When you look at the hard drive and try to repair it with disk utility it never succeeds at repairing. All the files remain intact if you were to connect it via a adapter to a mac or pc nonetheless.

It is a really annoying issue that creates a lot of necessary downtime and update necessities. Since I don't personally keep a Time Machine for my Laptop, since I don't want to be constantly plugging it into a external hard drive all the time, I also have to reinstall all my software whenever this occurs.

Has anyone else had experience similar to my own with a increase in this issue? I am trying to contact apple to know if they're aware of how common it's becoming. Their lack of Knowledge Base articles on the issue seems to indicate they aren't aware of it.

Open and console log on all of your macs and you will have an idea what is happening. Learn more tech support.
 
I think if you've used OSX across several systems for any amount of time now you'll be familiar with it.

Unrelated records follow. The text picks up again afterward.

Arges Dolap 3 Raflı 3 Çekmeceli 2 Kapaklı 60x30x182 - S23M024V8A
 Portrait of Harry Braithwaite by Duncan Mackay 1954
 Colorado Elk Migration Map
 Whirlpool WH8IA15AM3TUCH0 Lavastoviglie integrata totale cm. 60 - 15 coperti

I manage about 100 machines with nearly all currently on 10.8.4, and have seen nothing like you mention here.
 
I manage many macs across a college campus and have not have this issue either.
 
I have no problems with this. Only when there's a hardware failure. What does verbose boot tell you?
 
I get this often and my MBA mid 2012 works fine. Just clean installed 10.8.4 still happens. I did disable the startup chime so maybe that affects it.
 
I did disable the startup chime so maybe that affects it.

There's no way to disable the startup chime, it's firmware based. The most you can do it have something run a script to mute the speakers when shutting down and unmute them when turning on again. That's what your solution is doing.
 
There's no way to disable the startup chime, it's firmware based. The most you can do it have something run a script to mute the speakers when shutting down and unmute them when turning on again. That's what your solution is doing.

No way? Maybe you should do some research on that.

Try this command from the terminal:

sudo nvram SystemAudioVolume=%80

To turn the sound back on, do this in command in the terminal:

sudo nvram -d SystemAudioVolume

S-
 
No way? Maybe you should do some research on that.

Try this command from the terminal:

sudo nvram SystemAudioVolume=%80

To turn the sound back on, do this in command in the terminal:

sudo nvram -d SystemAudioVolume

S-

That just mutes it. The chime is still there, just muted. That command doesn't work for systems that are not running 10.7 or higher as well. That command would mute all system generated sounds, even ram beep errors. Not generally recommended for that reason.